Guests on last night’s Newsnight (BBC2) talked about a ‘crumbling house of cards built by the capitalist financial system’. They weren’t talking about our book A House of Cards, from fantasy finance to global crash but they might as well have been. Instead, they were discussing the latest bankruptcy of a major financial group.
This time it is Carlyle Capital Corporation (CCC), a $22bn mortgage-backed securities fund. As the Financial Times put it, “CCC represents one of the most dramatic casualties of the great unwinding that is occurring in the financial markets as lenders pull back from risk. The fund, which had $31 of debt for every $1 of its own, had hoped to use its massive borrowings to generate higher returns from investments in highly rated mortgage securities.”
This latest collapse panicked the stock market, led to further falls in the dollar, drove commodities to new records and delivered a sharp blow to chancellor Alistair Darling’s belief that slowing growth and increasing inflation are only temporary – the naïve reassurance at the heart of his first budget. If anything was clear from Wednesday’s speech, it was a tacit admission that there aren’t any measures New Labour can propose to match up to the severity of the escalating global financial and economic crisis.
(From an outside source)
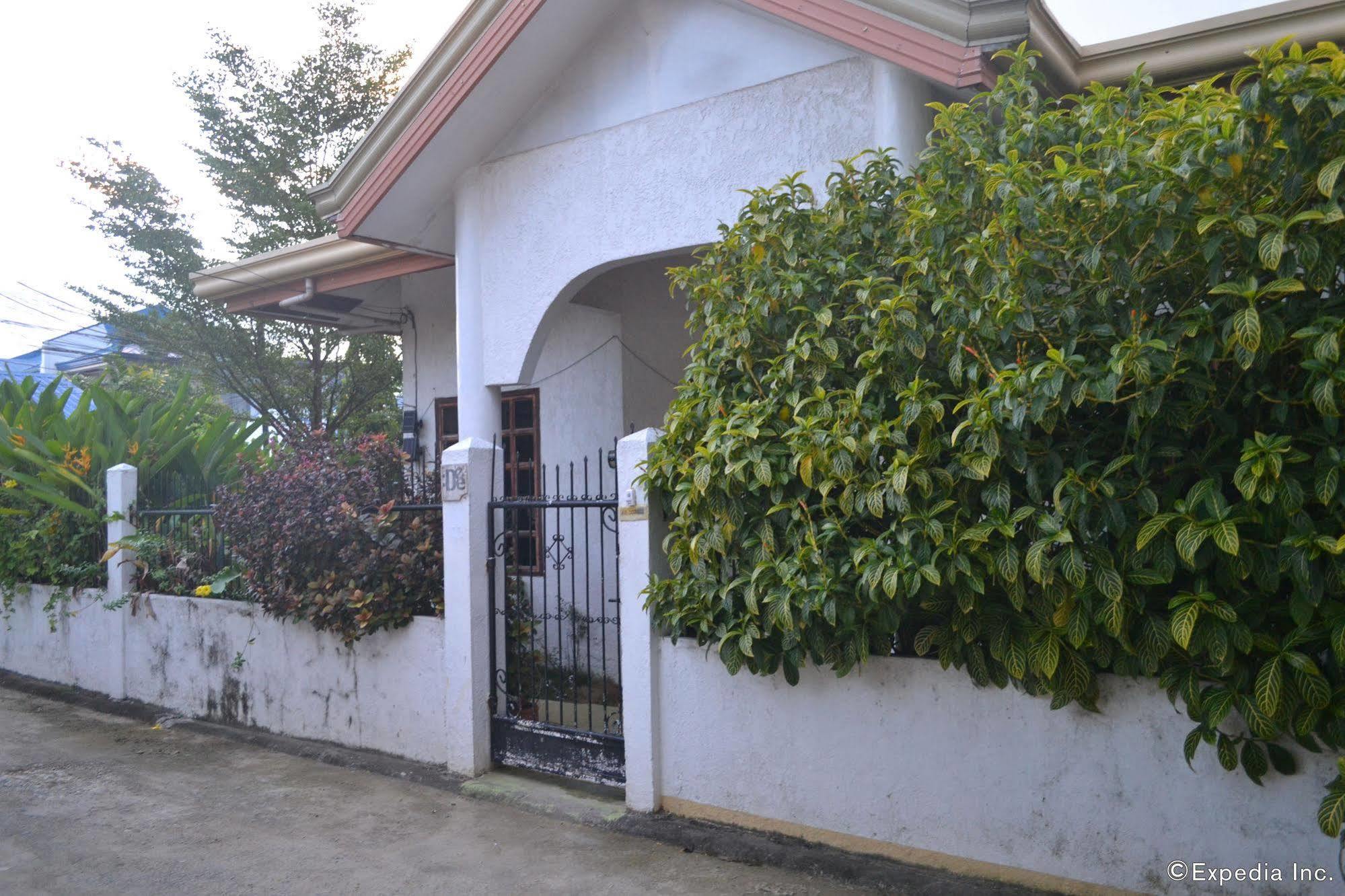 Dee Guest House Мактан Экстерьер фото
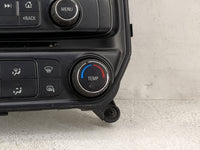 2014 Gmc Sierra 1500 Climate Control Module Temperature AC/Heater Replacement P/N:23176284 Fits Fits 2015 2016 OEM Used Auto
Its scale and spread renders any national government incapable of defending its economy against global storms. The world’s central banks have thrown at least $100bn at the markets this week – all to no avail.
Darling’s speech was peppered with phrases which passed the buck – there’s a “slowdown in the global economy”, “turbulence in global financial markets”, “significant disruption across many credit markets: with a number of them barely functioning at all”, and falling global stock markets pose “a major risk to the world economy”. Despite this, he remains confident about the relative strength of a British economy which is utterly dependent on the fate of the global financial system.
Later that day, the International Monetary Fund’s first deputy managing director, John Lipsky told it how it really was. Things are bad, and are going to get worse. “Policy actions worldwide, so far, "may not prove to be adequate" to deal with the "low probability but high impact events" that may materialise and undermine global financial stability. Policymakers as a matter of course need to `think the unthinkable,” and to consider how they would plan to react if contingencies arise. The need to prepare systematically for potential risks has been demonstrated amply during the past few months." This was hours before CCC hit the headlines. He must have known.
In a stark admission of the failure of the IMF’s policy of unregulated, free markets Lipsky said: “I fully recognise an appropriate role for public sector intervention after market solutions have been exhausted.” Some support there, then for Darling’s Northern Rock rescue, and a strong indication that further vast sums of public sector money will have to be diverted into more ill-fated attempts to shore up the global capitalist economy.
Perhaps most worrying is the way Darling proposes to deal with the threat of climate change. “There will be catastrophic economic and social consequences if we fail to act,” he says. But, in a move hardly noticed by green critics, and certain to negate the other wholly inadequate measures he announced, Darling is going to offset the arrival of Peak Oil by reforming “the North Sea fiscal regime to help incentivise investment and support production”. This will maximise the “economic recovery of the UK’s oil and gas reserves”, he says.
More profits from more fossil fuel? Maybe the FT’s Martin Wolf was right in his conclusion to Tuesday’s column about the financial crisis: “We must pray.”